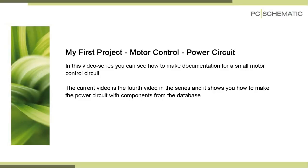This is the fourth video about the motor control circuit, and in this one you can see how to make the power circuit.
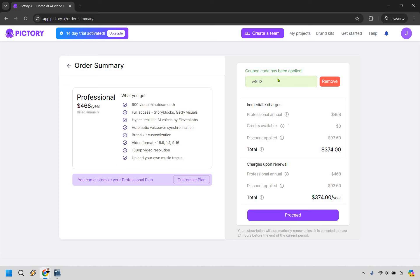And one more time, that coupon code is W5TT3. And that's going to conclude this video when it comes to getting your Pictory AI coupon code and of course adding it in and factoring the discounts that you get.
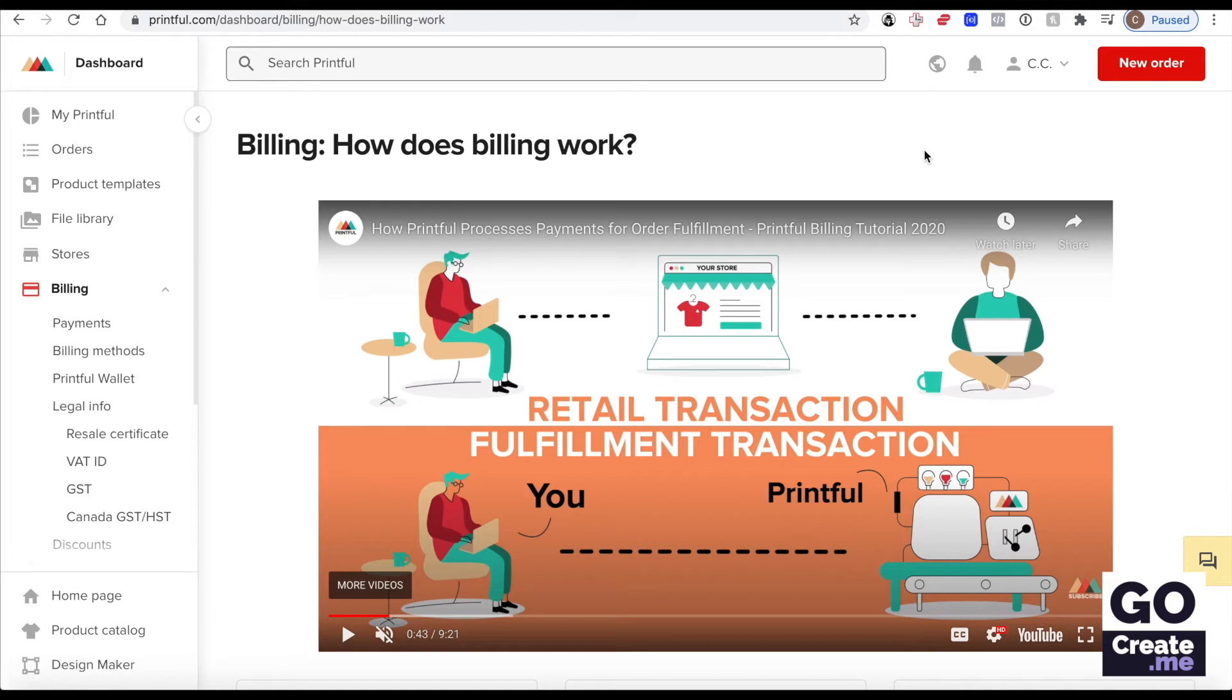In this video, we'll talk about billing on Printful. In an earlier video, I said that having a Printful account is free. It is free,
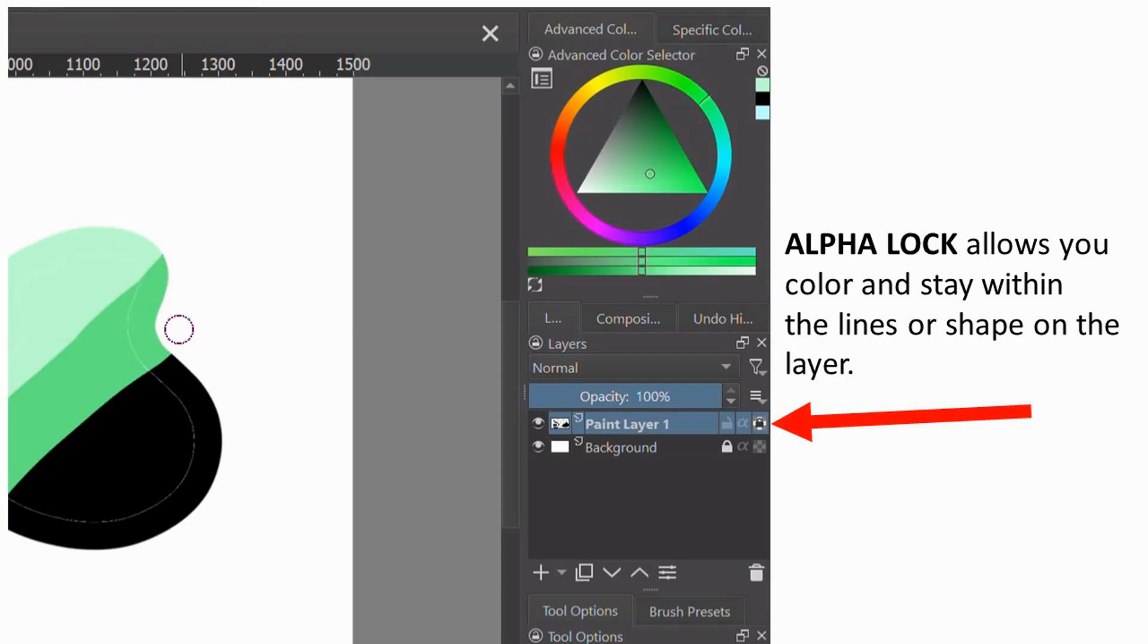Once again, Alpha Lock allows you to color and stay within the lines of the shape or line on the layer.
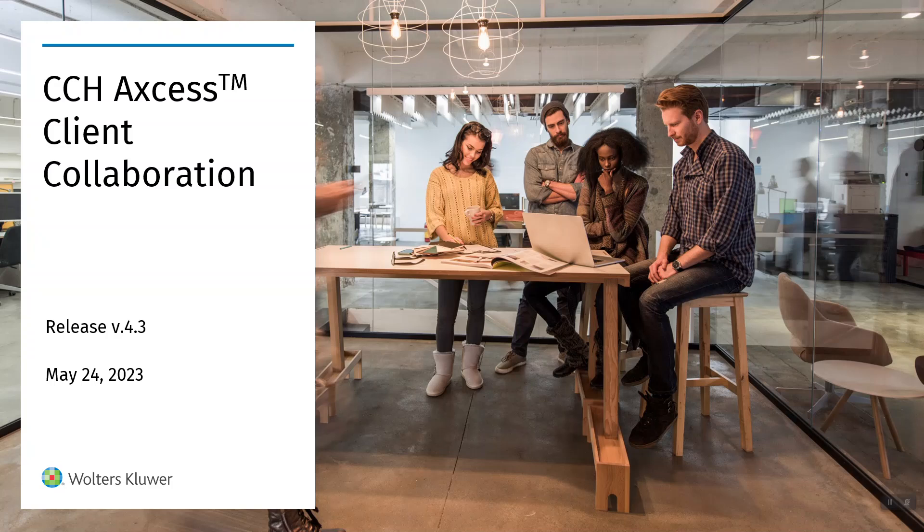Hello. The CCH Access Client Collaboration Team is excited to introduce a new feature that will allow you to collaborate with your clients even more actively.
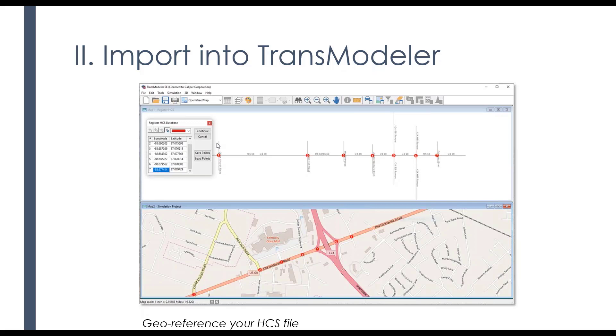So with that, I'm going to turn it back over to Dan and let him talk about a couple of the other features that are within TransModeler.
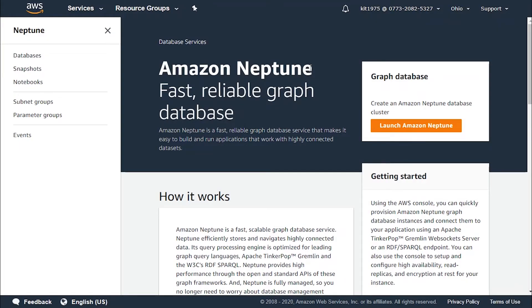Hey guys and welcome to the Amazon Neptune console which provides us with database services. It provides us with high performance and scalability. Amazon Neptune is optimized for low latency and high throughput applications.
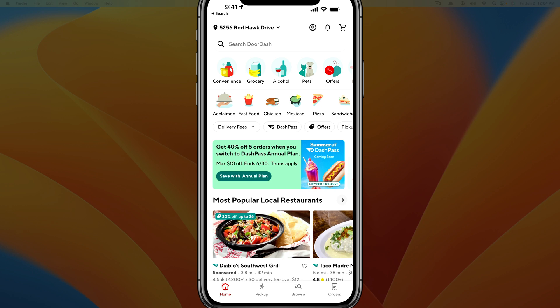Hello and welcome to this quick tutorial video. I'm going to show you how to cancel your DoorDash Pass. So what you want to do is go ahead and open the DoorDash app and log into your account.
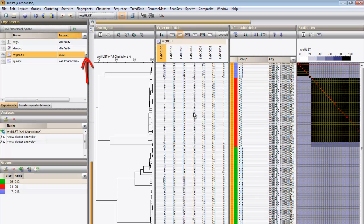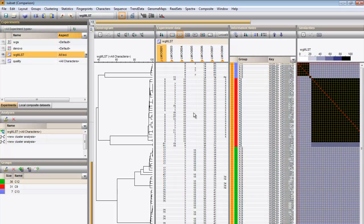Returning to all loci, I can again calculate a minimum spanning tree in the advanced clustering window.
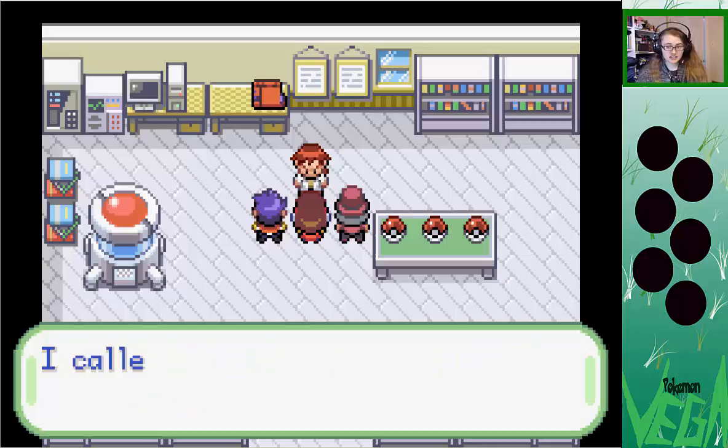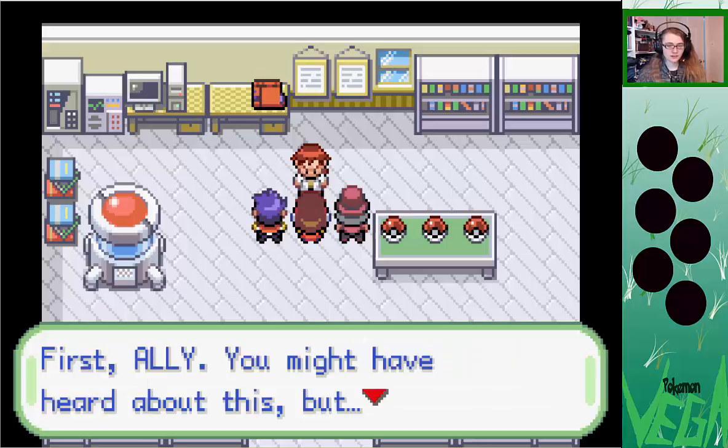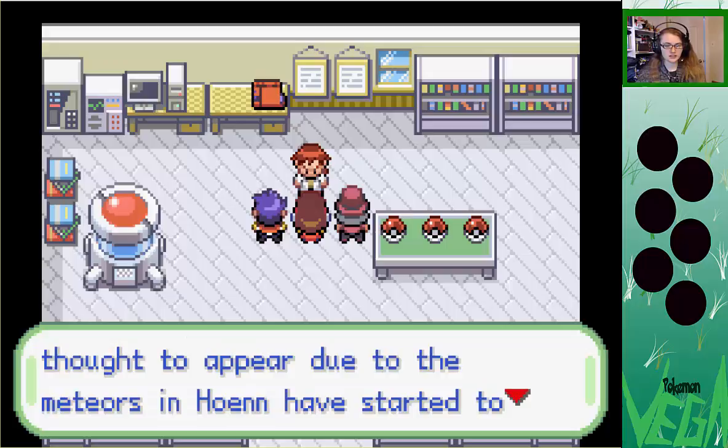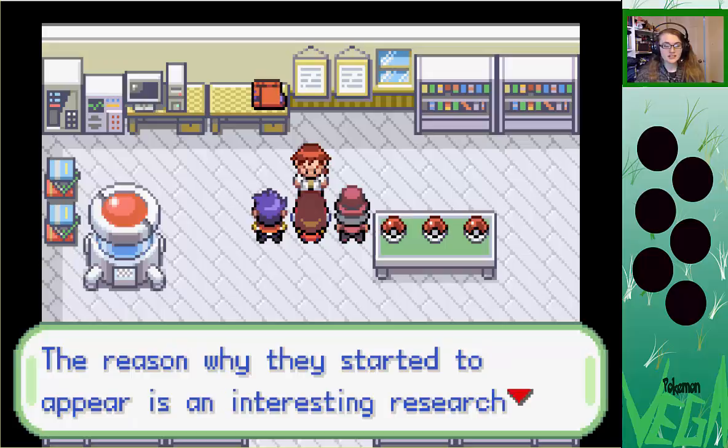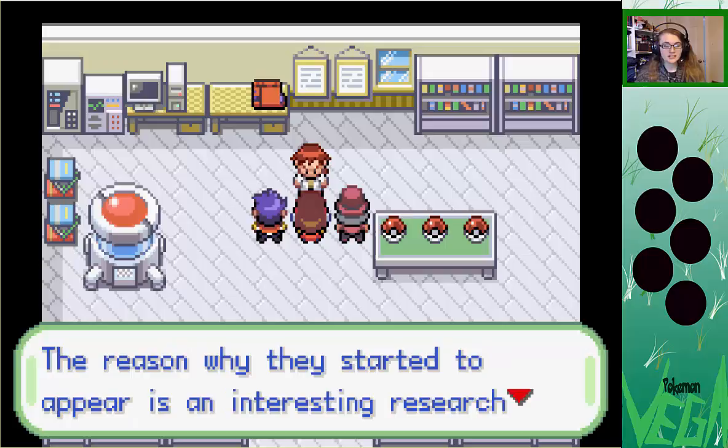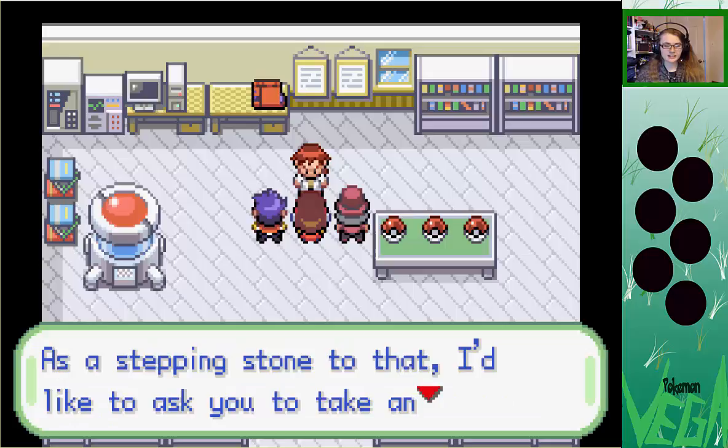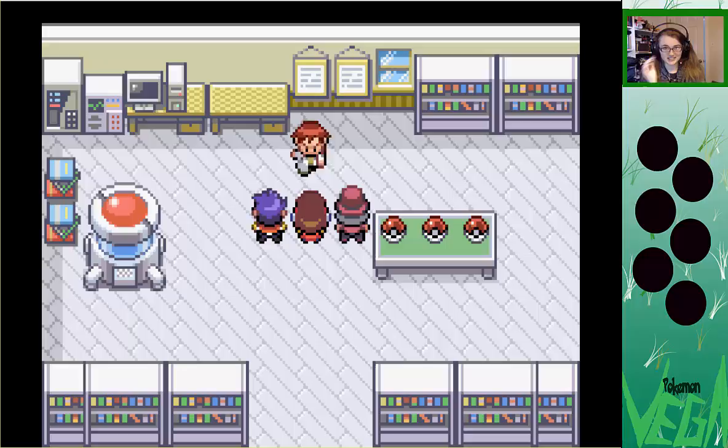Let's get to the real issue here. I called the two of you out here because I have a favor to ask. Ally, Pokemon species first fought to appear due to the meteors in Hoenn have started to appear here in the Tohok region. The reason why they started to appear is an interesting research topic in itself. As a stepping stone to that, I'd like to ask you to take an ecological survey of the current Pokemon in the Tohok region. This is how we get the Pokedex. Here, take this. Ally, receive the Pokedex.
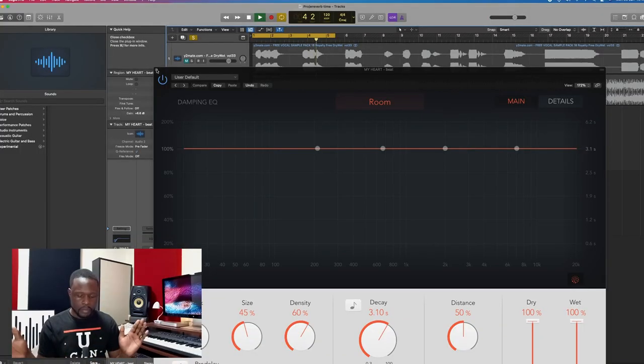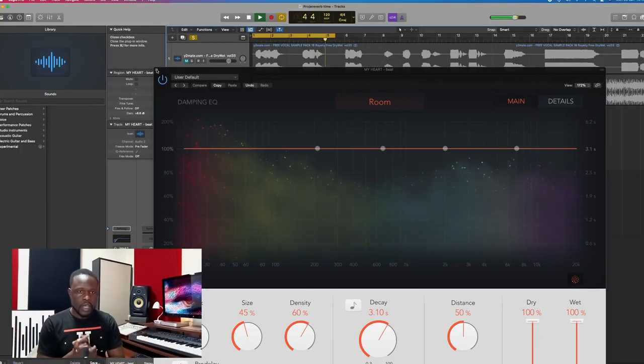Let me reduce that reverb time to three seconds. So that's how a reverb time of three seconds sounds like.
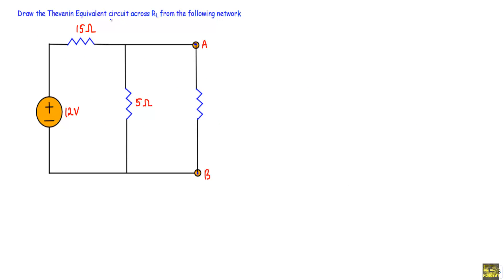Draw the Thevenin equivalent circuit across RL from the following network. Terminal A and terminal B are shown, and across these A-B terminals we have the load resistor RL connected. Now let me show you the steps of Thevenizing a given circuit while simultaneously solving for the Thevenin circuit.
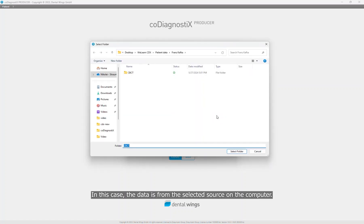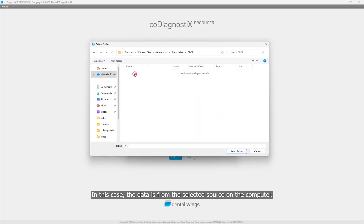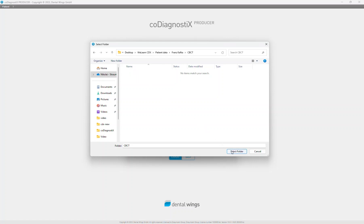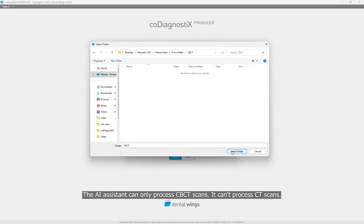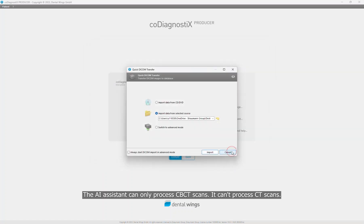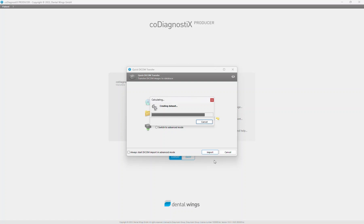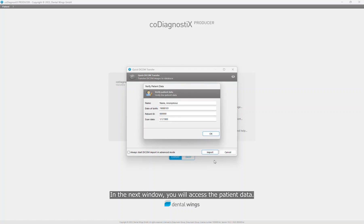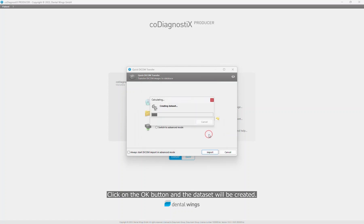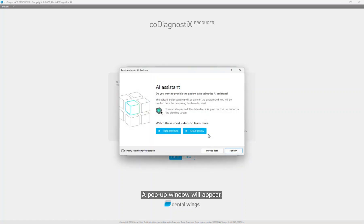In this case, the data is from a selected source on the computer. The AI assistant can only process CBCT scans, it can't process CT scans. In the next window, you will access the patient data. You can rename it or leave it unchanged.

######

Copy the data word for word and omit every picture.

This is the fourth video about the motor control circuit, and in this one you can see how to make the power circuit.
And one more time, that coupon code is W5TT3. And that's going to conclude this video when it comes to getting your Pictory AI coupon code and of course adding it in and factoring the discounts that you get.
In this video, we'll talk about billing on Printful. In an earlier video, I said that having a Printful account is free. It is free,
Once again, Alpha Lock allows you to color and stay within the lines of the shape or line on the layer.
Hello. The CCH Access Client Collaboration Team is excited to introduce a new feature that will allow you to collaborate with your clients even more actively.
So with that, I'm going to turn it back over to Dan and let him talk about a couple of the other features that are within TransModeler.
Hey guys and welcome to the Amazon Neptune console which provides us with database services. It provides us with high performance and scalability. Amazon Neptune is optimized for low latency and high throughput applications.
Hello and welcome to this quick tutorial video. I'm going to show you how to cancel your DoorDash Pass. So what you want to do is go ahead and open the DoorDash app and log into your account.
Returning to all loci, I can again calculate a minimum spanning tree in the advanced clustering window.
Let's get to the real issue here. I called the two of you out here because I have a favor to ask. Ally, Pokemon species first fought to appear due to the meteors in Hoenn have started to appear here in the Tohok region. The reason why they started to appear is an interesting research topic in itself. As a stepping stone to that, I'd like to ask you to take an ecological survey of the current Pokemon in the Tohok region. This is how we get the Pokedex. Here, take this. Ally, receive the Pokedex.
Let me reduce that reverb time to three seconds. So that's how a reverb time of three seconds sounds like.
Draw the Thevenin equivalent circuit across RL from the following network. Terminal A and terminal B are shown, and across these A-B terminals we have the load resistor RL connected. Now let me show you the steps of Thevenizing a given circuit while simultaneously solving for the Thevenin circuit.
In this case, the data is from a selected source on the computer. The AI assistant can only process CBCT scans, it can't process CT scans. In the next window, you will access the patient data. You can rename it or leave it unchanged.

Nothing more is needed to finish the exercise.